Today, 15 March 2023, Chancellor Jeremy Hunt has unveiled his first budget, with certain provisions affecting energy and climate change, as well as some aspects of health and safety.

Climate change and energy

The Chancellor's speech focused mainly on growth, where domestic sustainable energy is thriving and the infrastructure is ready for net-zero energy production. To deliver this, he announced the creation of "Great British Nuclear (GBN)" which will help to bring down costs and support the building of "nuclear builds", whether on a larger, Gigawatt-scale or by introducing Small Modular Reactors, for which a competition will be launched to deliver the technology. Additionally, nuclear power will be classed as "green energy" equally with other renewables such as wind and solar, which will make it easier for nuclear energy projects to access funding across the UK.
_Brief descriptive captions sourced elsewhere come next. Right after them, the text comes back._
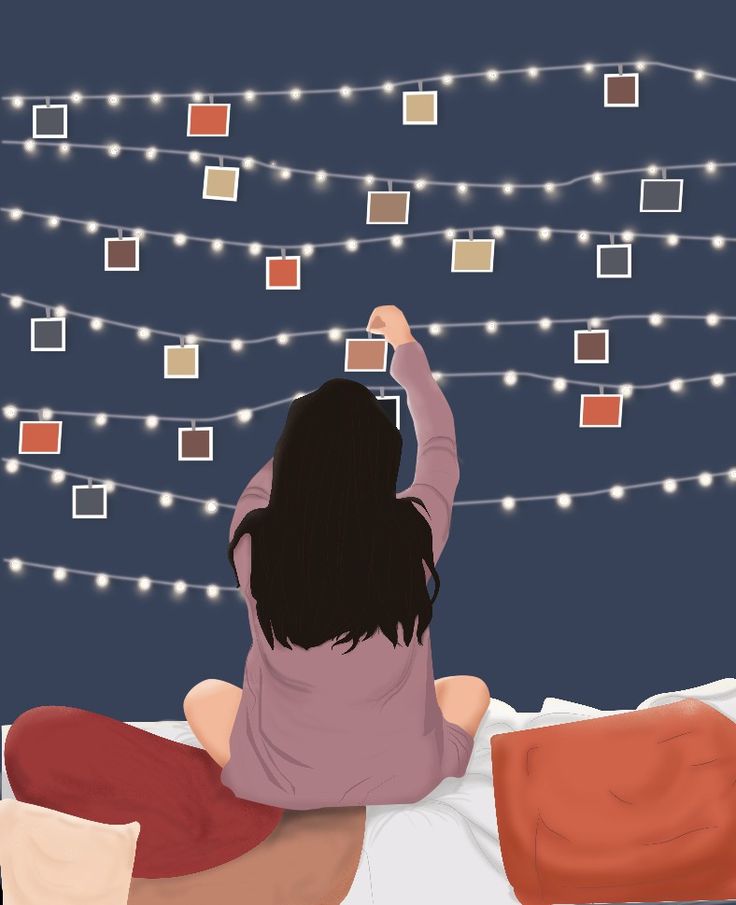 a woman is sitting on her bed looking at the lights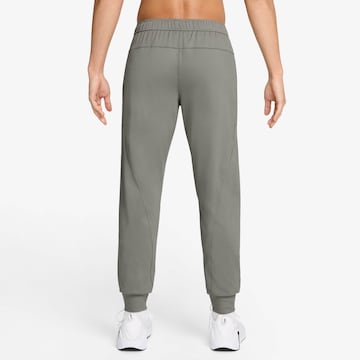 NIKE Tapered Workout Pants in Green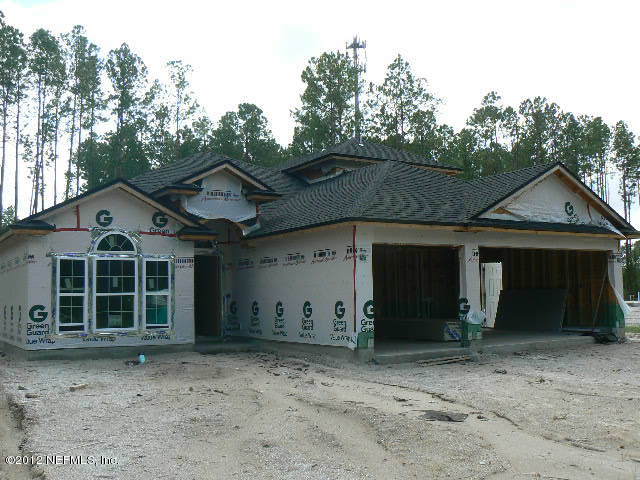 177 Irish Rose Road St. Augustine, FL 32092 - Photo 1 of 38 a view of a house with a yard and garage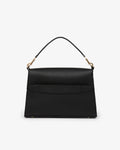 A structured black leather handbag with a top handle, gold-tone hardware, and a luggage strap shown against a plain light gray background.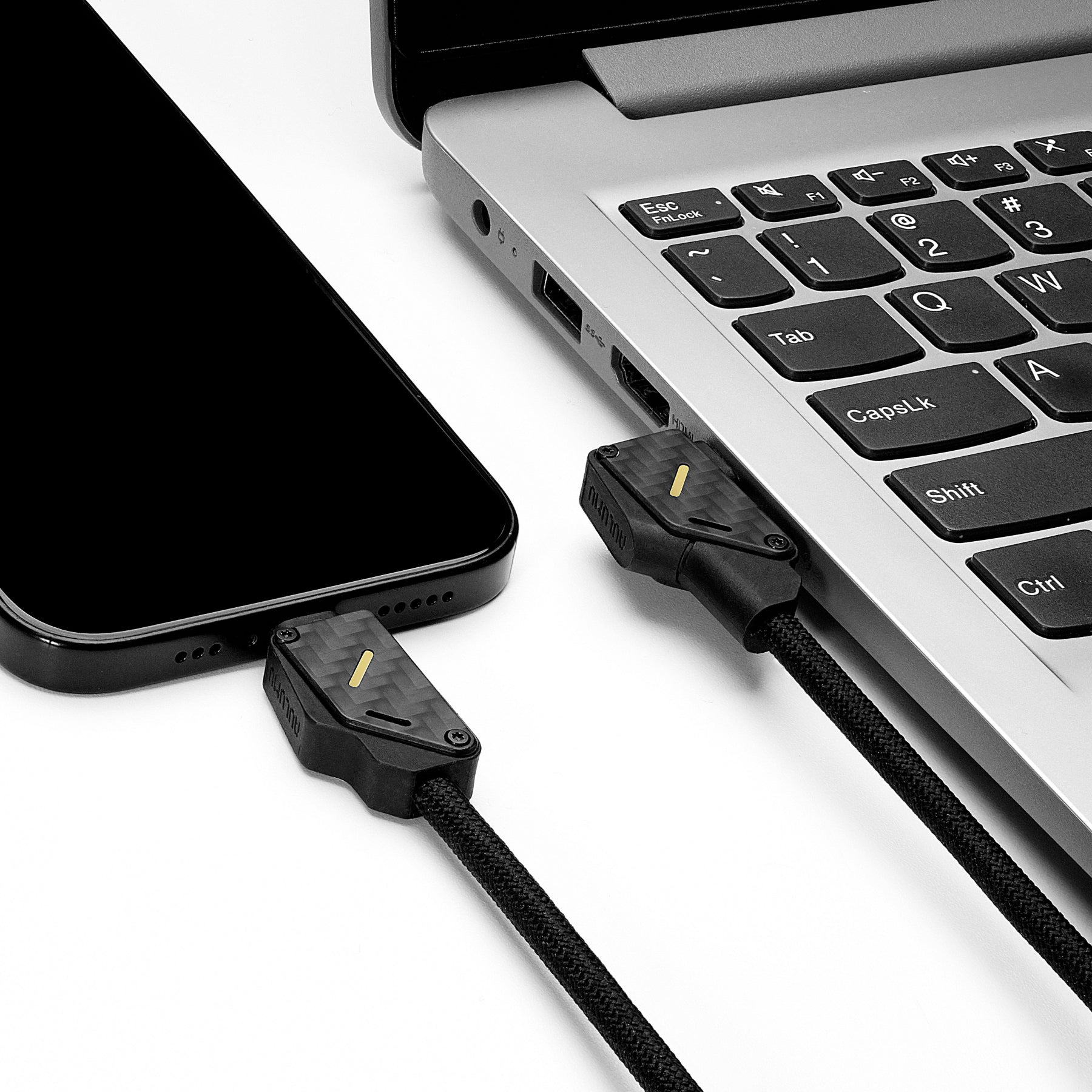 M07 carbon fiber USB-C cable connecting iPhone and laptop for fast data transfer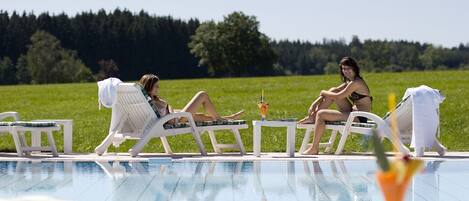 A poolside area with lounge chairs and a clear view of a grassy field in the background.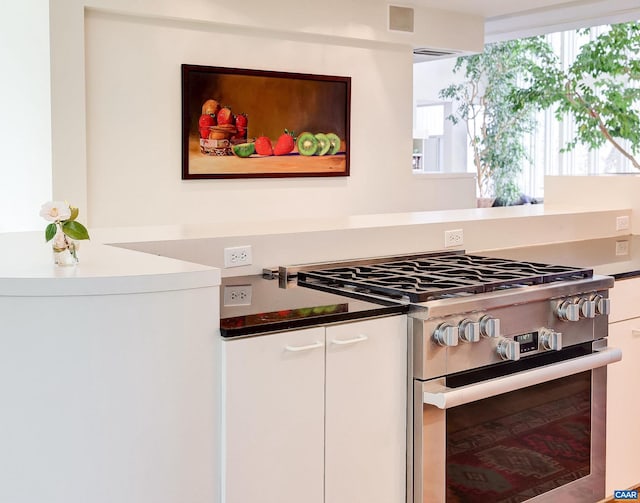 kitchen featuring open shelves, white cabinets, visible vents, and stainless steel gas stove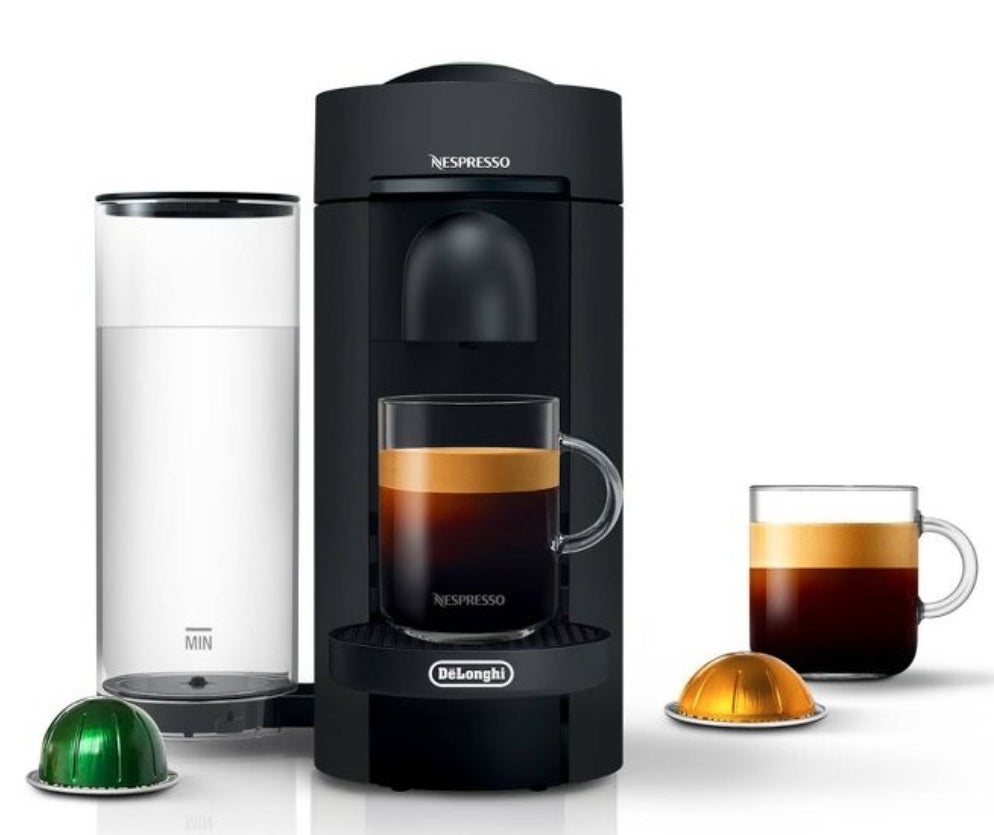 the black coffee maker with water reservoir, two cups of coffee and a gold and a green pod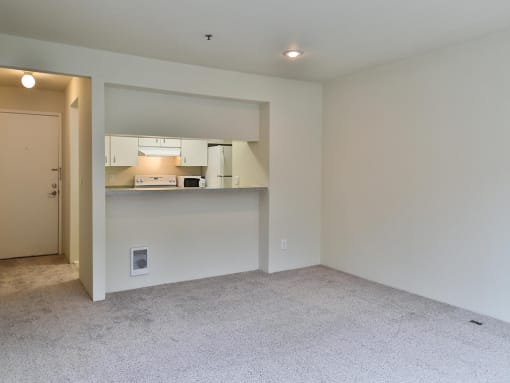 Living room and kitchen  at Charbonneau Apartments in Seattle, WA 98101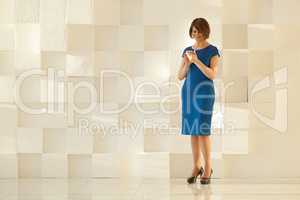 Woman in blue dress standing against modern wall while looking at smartphone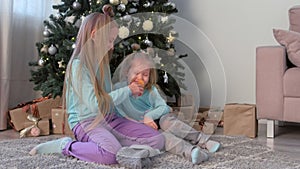 Two children girls sisters playing toys sitting near Christmas tree at home.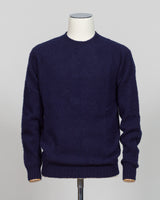 Harley of Scotland's iconic shaggy crew neck sweater in navy. Hand-knitted using traditional Scottish techniques, this piece features a distinctive textured surface that catches light beautifully while delivering exceptional softness against the skin. The relaxed crew neck silhouette works seamlessly as a standalone layer or under tailored blazers for refined versatility.

Premium wool construction provides natural warmth and breathability across seasons. The generous shag pile creates visual depth and tact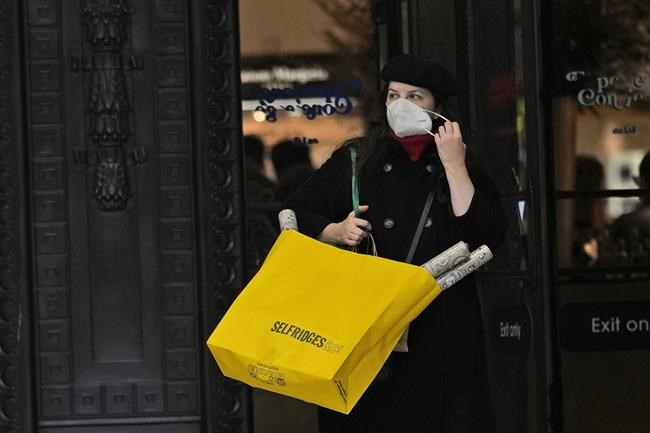 A woman takes off her face mask as she carries Selfridges bags after leaving the department store in London, Friday, Dec. 24, 2021. THE CANADIAN PRESS/AP/Alastair Grant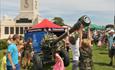 Children interacting with military equipment and vehicles at Armed Forces Day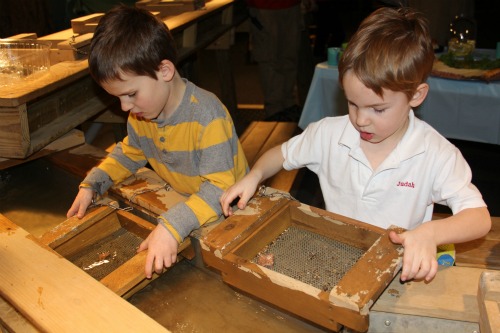 Two boys doing an activity at Dinosaurs Rock at The Omaha Children\'s Museum.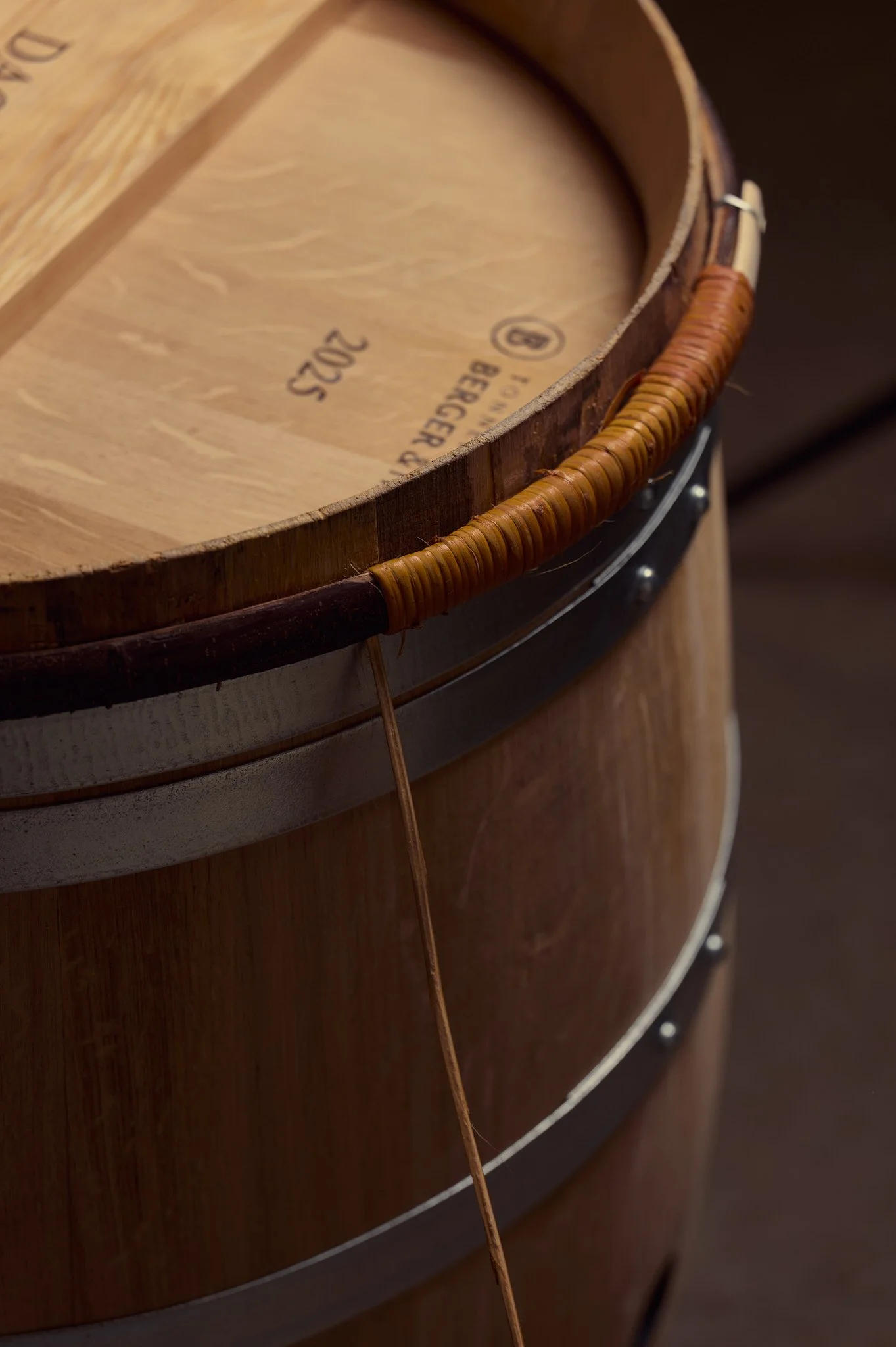 Un tonneau en bois avec un cerclage sur la partie haute.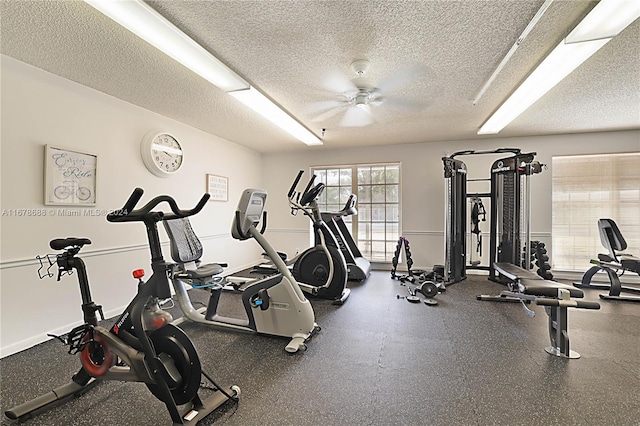 gym featuring ceiling fan and a textured ceiling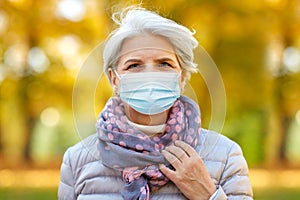 Senior woman in protective medical mask at park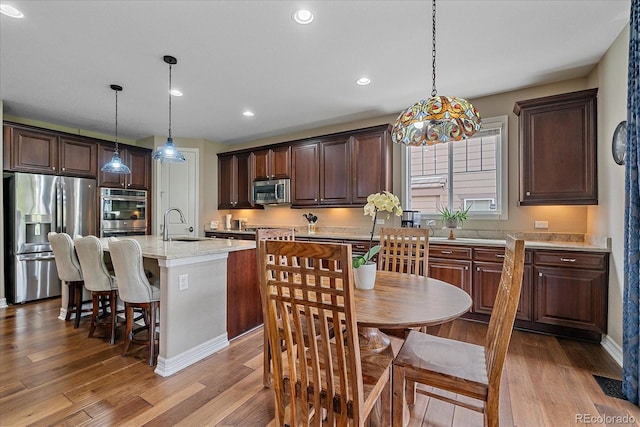 23871 E Ontario Pl, Aurora, CO 80016 - kitchen featuring appliances with stainless steel finishes, light wood-style floors, dark brown cabinetry, pendant lighting, and recessed lighting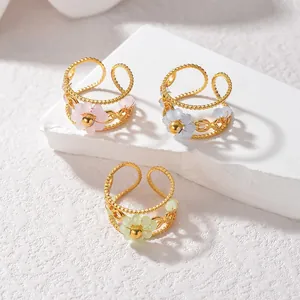 Detail view of gold floral rings with translucent matte petals in pink, blue, and green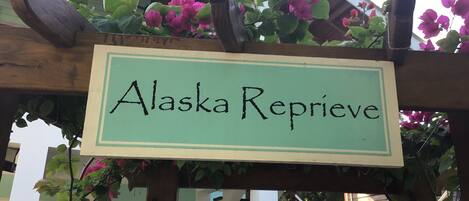 A sign with the text "Alaska Reprieve" on a wooden pergola with green foliage and pink flowers.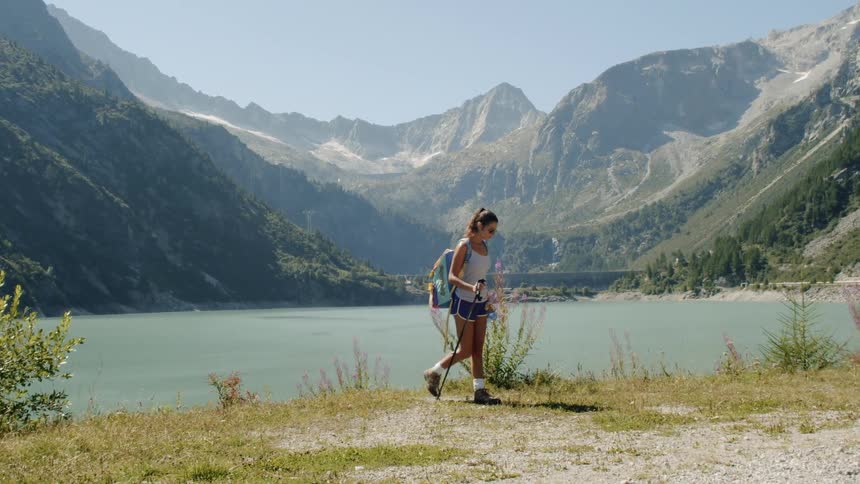 Woman holding hiking sticks walks next to the valley lake on a sunny day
To support energy efficiency, the chancellor also committed to extending the Climate Change Agreement scheme for another two years.

The government will also commit up to £20bn of funding for the early deployment of Carbon Capture, Usage and Storage (CCUS), which will be one of the key elements of the government's policy to deliver net-zero carbon emissions by 2050.


The provisions in relation to planning include the creation of "refocused" Investment Zones across the UK, bringing the investment into areas that "underperform economically", with the majority of the shortlisted authorities located in the North of England. With £80 million of funding provided for each English Investment Zone, local governments will be able to tailor the Investment Zone plans to meet their needs.

However, to access this offer, the plans, among other requirements, need to demonstrate how each Zone would support the UK reaching net-zero by 2050 and the government's long-term targets to protect and enhance the natural environment, and be resilient to the effects of climate change.

Health and Safety

Some measures presented in this budget cover health and safety and relate to helping disabled people get back into work whenever possible. The Chancellor announced a set of reforms, including abolishing the Work Capacity Assessment and eligibility for the health top-up in Universal Credit, which will be dealt with through the Personal Independence Payment benefit, allowing claimants to be able to try work without losing their benefits. Full details of these reforms are not yet provided.

Occupational safety was highlighted as important when bringing people back into the workforce and £400m will be contributed for mental health and musculoskeletal issues.